DATA PROVIDED below:
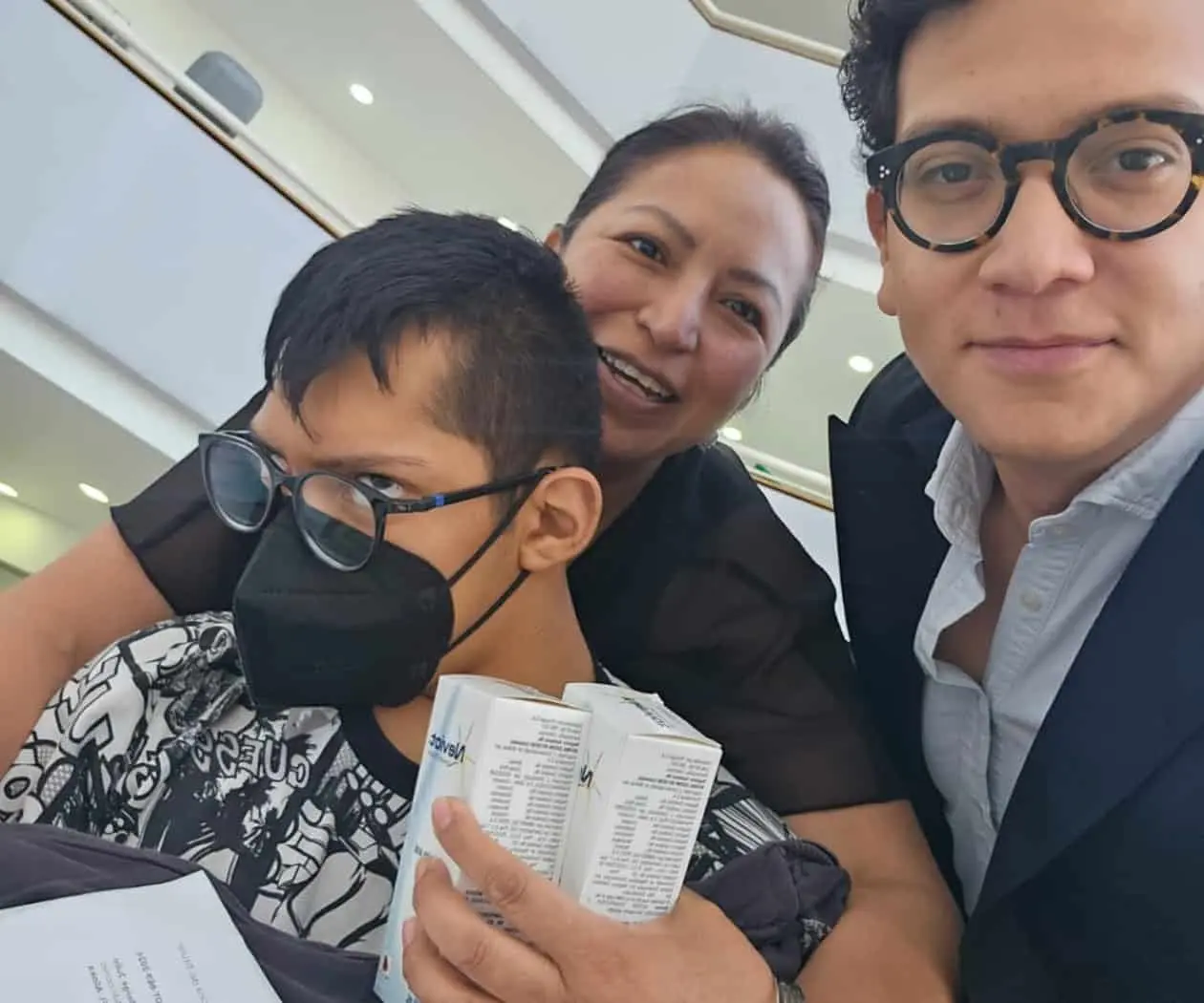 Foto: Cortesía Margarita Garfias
End of DATA PROVIDED.
DATA PROVIDED below:
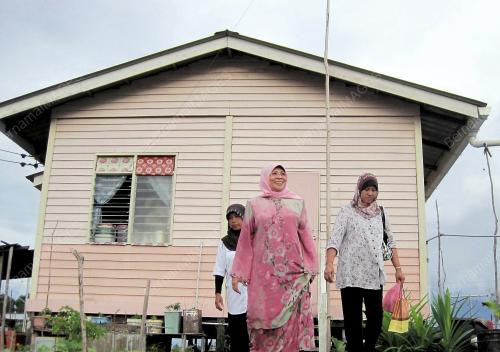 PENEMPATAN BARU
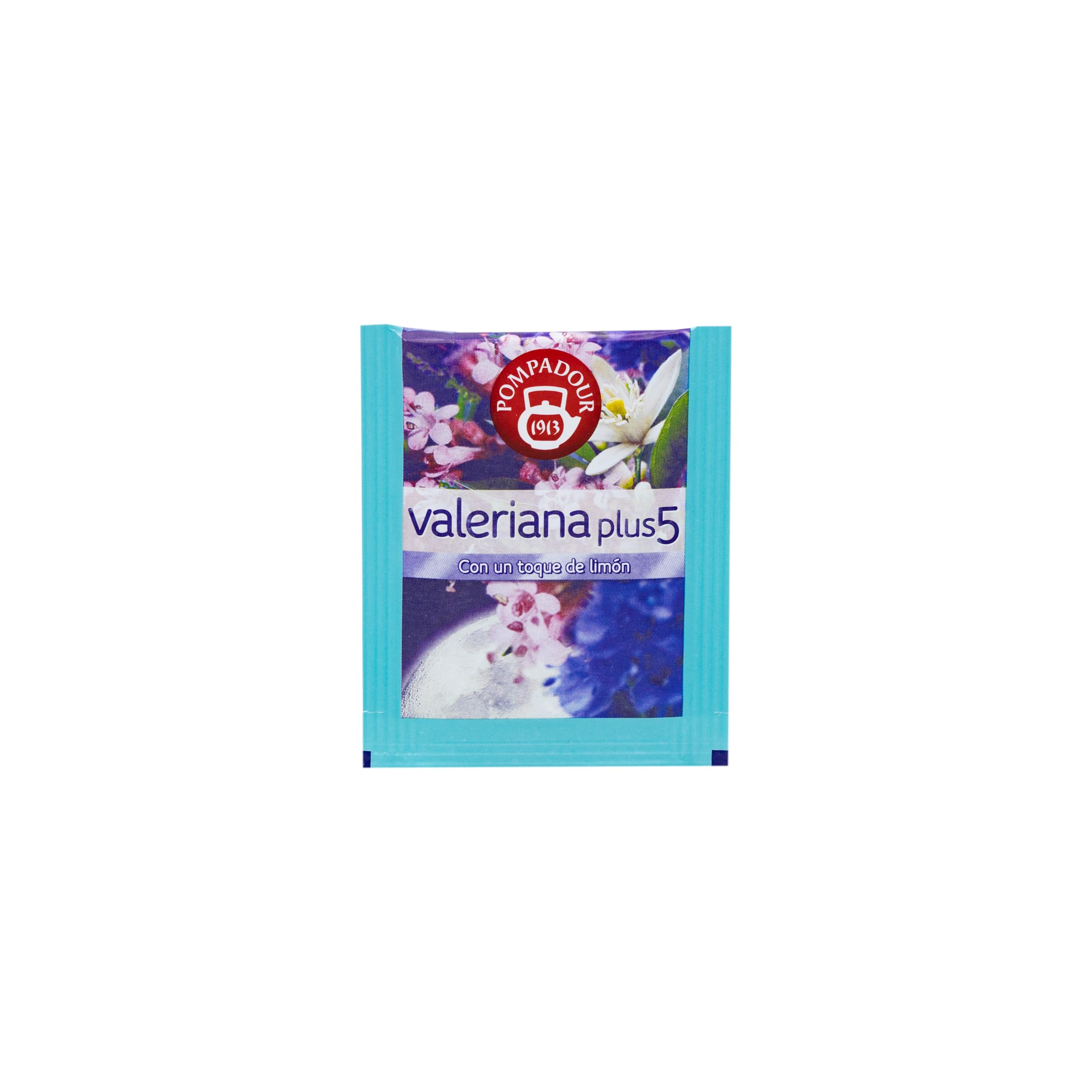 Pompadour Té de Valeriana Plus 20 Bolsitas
End of DATA PROVIDED.
▶ **WHAT IS NEEDED**:
Using the data above, transcribe exactly the lines between those containing "PENEMPATAN BARU" and "Pompadour Té de Valeriana Plus 20 Bolsitas", inclusive, and leave every picture behind.

▶ **COMPLETED EXERCISE**:
 PENEMPATAN BARU
 Pompadour Té de Valeriana Plus 20 Bolsitas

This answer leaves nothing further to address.